§ **GIVEN ENTRIES**:
● ● ● ● ●

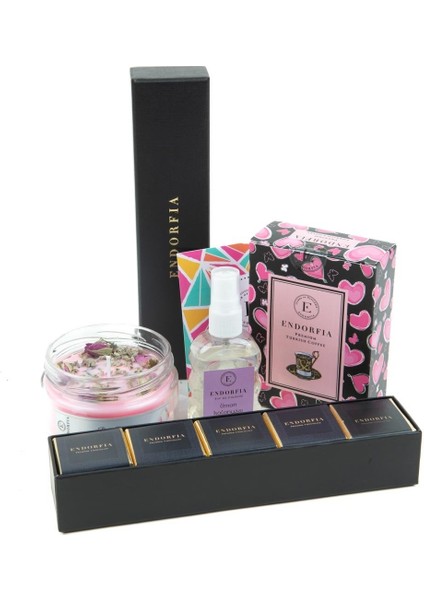 Pembe Düşler Gül Kokulu Mum - Single Slim Madlen Çikolata Bitter - Pembe Kalpli Türk Kahvesi 100 gr - Limon Kolonyası 50 gr fiyatları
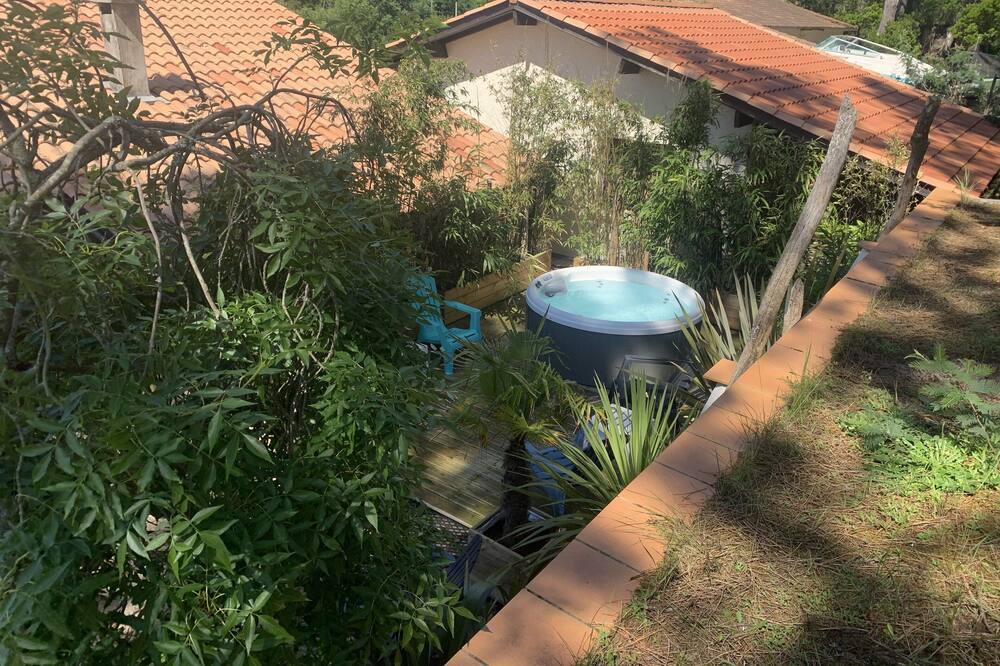 Photo of Outdoor in Le Canon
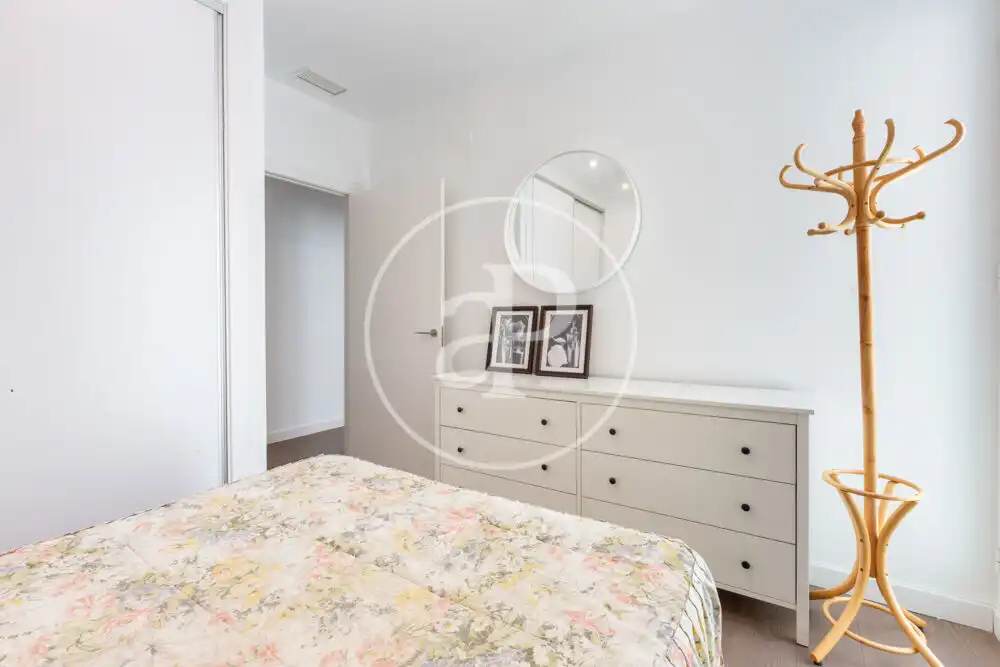Schlafzimmer von Wohnung zur Miete in Valencia mit Klimaanlage, Terrasse und Abstellraum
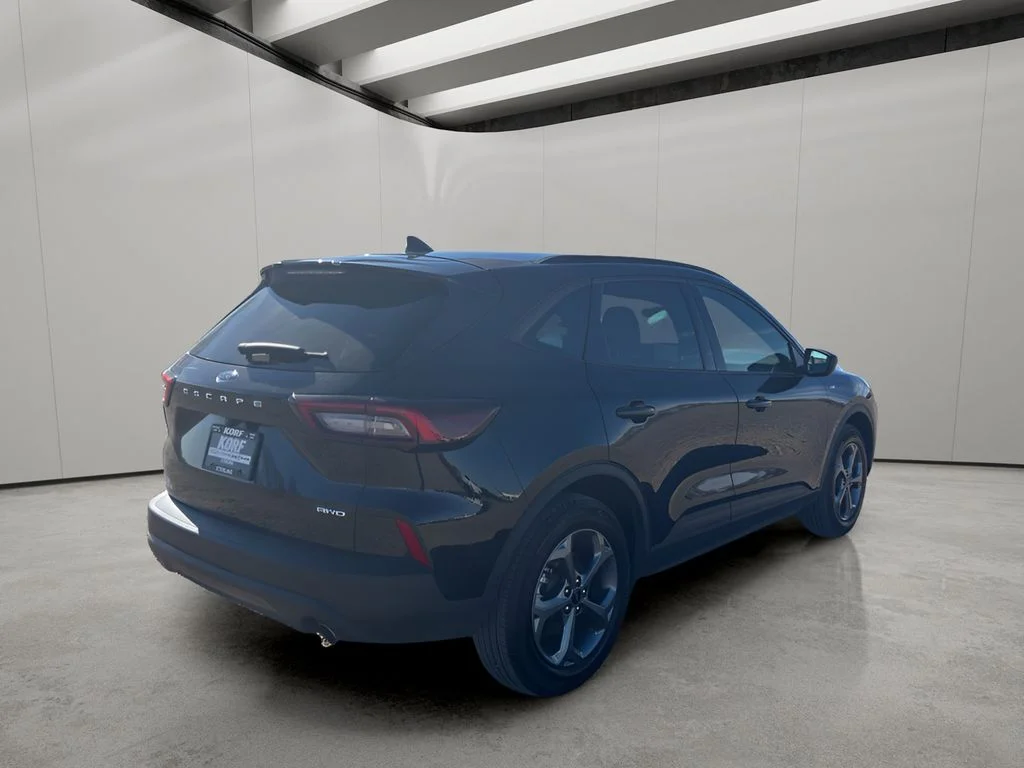 Used 2025 Agate Black Metallic Ford ST-Line image 5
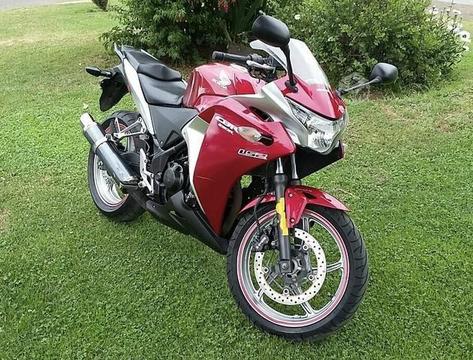 Moto honda cbr250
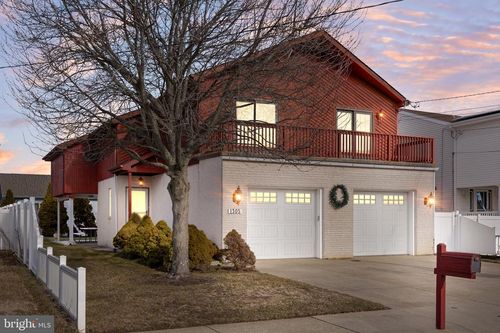 1305 Vardon Rd, Brigantine, NJ, 08203-2725 | Card Image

● ● ● ● ●

§ **TASK DESCRIPTION**: All entries above should be printed exactly, though without their pictures.

§ **EXERCISE RESULT**:
 Pembe Düşler Gül Kokulu Mum - Single Slim Madlen Çikolata Bitter - Pembe Kalpli Türk Kahvesi 100 gr - Limon Kolonyası 50 gr fiyatları
 Photo of Outdoor in Le Canon
Schlafzimmer von Wohnung zur Miete in Valencia mit Klimaanlage, Terrasse und Abstellraum
 Used 2025 Agate Black Metallic Ford ST-Line image 5
 Moto honda cbr250
 1305 Vardon Rd, Brigantine, NJ, 08203-2725 | Card Image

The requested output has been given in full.